→ **BRIEF**
Copy out every line of the data that follows, exactly.

- - - - -

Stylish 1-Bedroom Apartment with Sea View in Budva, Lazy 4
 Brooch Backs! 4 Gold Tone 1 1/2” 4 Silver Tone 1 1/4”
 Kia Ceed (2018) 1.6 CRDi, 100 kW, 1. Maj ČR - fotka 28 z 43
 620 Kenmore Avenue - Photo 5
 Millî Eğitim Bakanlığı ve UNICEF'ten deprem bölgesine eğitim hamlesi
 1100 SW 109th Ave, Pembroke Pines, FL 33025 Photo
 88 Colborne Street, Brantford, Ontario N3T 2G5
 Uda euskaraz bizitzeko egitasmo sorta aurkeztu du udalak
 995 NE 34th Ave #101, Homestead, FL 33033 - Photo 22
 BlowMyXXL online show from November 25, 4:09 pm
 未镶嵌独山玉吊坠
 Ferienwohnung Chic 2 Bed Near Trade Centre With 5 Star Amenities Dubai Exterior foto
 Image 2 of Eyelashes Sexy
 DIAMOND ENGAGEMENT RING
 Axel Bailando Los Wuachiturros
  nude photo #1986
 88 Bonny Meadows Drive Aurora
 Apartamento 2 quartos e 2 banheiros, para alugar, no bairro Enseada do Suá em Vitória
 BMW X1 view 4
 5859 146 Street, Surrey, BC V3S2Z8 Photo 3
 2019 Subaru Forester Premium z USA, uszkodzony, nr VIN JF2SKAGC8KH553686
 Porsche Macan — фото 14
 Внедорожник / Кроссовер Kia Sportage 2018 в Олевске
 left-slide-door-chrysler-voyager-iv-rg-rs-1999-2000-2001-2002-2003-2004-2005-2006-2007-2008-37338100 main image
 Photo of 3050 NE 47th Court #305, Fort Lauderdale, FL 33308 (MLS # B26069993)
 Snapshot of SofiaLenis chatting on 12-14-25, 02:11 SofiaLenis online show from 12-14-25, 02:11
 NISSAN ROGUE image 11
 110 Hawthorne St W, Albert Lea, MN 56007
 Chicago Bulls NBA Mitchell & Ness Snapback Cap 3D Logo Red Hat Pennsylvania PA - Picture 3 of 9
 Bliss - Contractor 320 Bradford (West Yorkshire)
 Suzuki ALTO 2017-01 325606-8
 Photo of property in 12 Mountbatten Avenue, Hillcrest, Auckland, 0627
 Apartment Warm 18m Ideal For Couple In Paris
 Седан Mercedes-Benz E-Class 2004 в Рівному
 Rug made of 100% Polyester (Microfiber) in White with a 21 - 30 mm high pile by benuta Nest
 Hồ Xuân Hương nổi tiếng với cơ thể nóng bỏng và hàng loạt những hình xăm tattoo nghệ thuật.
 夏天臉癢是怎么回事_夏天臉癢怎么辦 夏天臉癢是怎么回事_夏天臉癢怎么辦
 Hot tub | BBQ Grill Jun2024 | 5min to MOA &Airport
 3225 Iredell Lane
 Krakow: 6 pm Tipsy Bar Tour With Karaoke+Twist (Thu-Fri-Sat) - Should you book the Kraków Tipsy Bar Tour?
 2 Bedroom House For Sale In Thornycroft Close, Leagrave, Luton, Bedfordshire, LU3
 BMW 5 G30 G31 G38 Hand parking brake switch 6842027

- - - - -

→ **RESULT**
Stylish 1-Bedroom Apartment with Sea View in Budva, Lazy 4
 Brooch Backs! 4 Gold Tone 1 1/2” 4 Silver Tone 1 1/4”
 Kia Ceed (2018) 1.6 CRDi, 100 kW, 1. Maj ČR - fotka 28 z 43
 620 Kenmore Avenue - Photo 5
 Millî Eğitim Bakanlığı ve UNICEF'ten deprem bölgesine eğitim hamlesi
 1100 SW 109th Ave, Pembroke Pines, FL 33025 Photo
 88 Colborne Street, Brantford, Ontario N3T 2G5
 Uda euskaraz bizitzeko egitasmo sorta aurkeztu du udalak
 995 NE 34th Ave #101, Homestead, FL 33033 - Photo 22
 BlowMyXXL online show from November 25, 4:09 pm
 未镶嵌独山玉吊坠
 Ferienwohnung Chic 2 Bed Near Trade Centre With 5 Star Amenities Dubai Exterior foto
 Image 2 of Eyelashes Sexy
 DIAMOND ENGAGEMENT RING
 Axel Bailando Los Wuachiturros
  nude photo #1986
 88 Bonny Meadows Drive Aurora
 Apartamento 2 quartos e 2 banheiros, para alugar, no bairro Enseada do Suá em Vitória
 BMW X1 view 4
 5859 146 Street, Surrey, BC V3S2Z8 Photo 3
 2019 Subaru Forester Premium z USA, uszkodzony, nr VIN JF2SKAGC8KH553686
 Porsche Macan — фото 14
 Внедорожник / Кроссовер Kia Sportage 2018 в Олевске
 left-slide-door-chrysler-voyager-iv-rg-rs-1999-2000-2001-2002-2003-2004-2005-2006-2007-2008-37338100 main image
 Photo of 3050 NE 47th Court #305, Fort Lauderdale, FL 33308 (MLS # B26069993)
 Snapshot of SofiaLenis chatting on 12-14-25, 02:11 SofiaLenis online show from 12-14-25, 02:11
 NISSAN ROGUE image 11
 110 Hawthorne St W, Albert Lea, MN 56007
 Chicago Bulls NBA Mitchell & Ness Snapback Cap 3D Logo Red Hat Pennsylvania PA - Picture 3 of 9
 Bliss - Contractor 320 Bradford (West Yorkshire)
 Suzuki ALTO 2017-01 325606-8
 Photo of property in 12 Mountbatten Avenue, Hillcrest, Auckland, 0627
 Apartment Warm 18m Ideal For Couple In Paris
 Седан Mercedes-Benz E-Class 2004 в Рівному
 Rug made of 100% Polyester (Microfiber) in White with a 21 - 30 mm high pile by benuta Nest
 Hồ Xuân Hương nổi tiếng với cơ thể nóng bỏng và hàng loạt những hình xăm tattoo nghệ thuật.
 夏天臉癢是怎么回事_夏天臉癢怎么辦 夏天臉癢是怎么回事_夏天臉癢怎么辦
 Hot tub | BBQ Grill Jun2024 | 5min to MOA &Airport
 3225 Iredell Lane
 Krakow: 6 pm Tipsy Bar Tour With Karaoke+Twist (Thu-Fri-Sat) - Should you book the Kraków Tipsy Bar Tour?
 2 Bedroom House For Sale In Thornycroft Close, Leagrave, Luton, Bedfordshire, LU3
 BMW 5 G30 G31 G38 Hand parking brake switch 6842027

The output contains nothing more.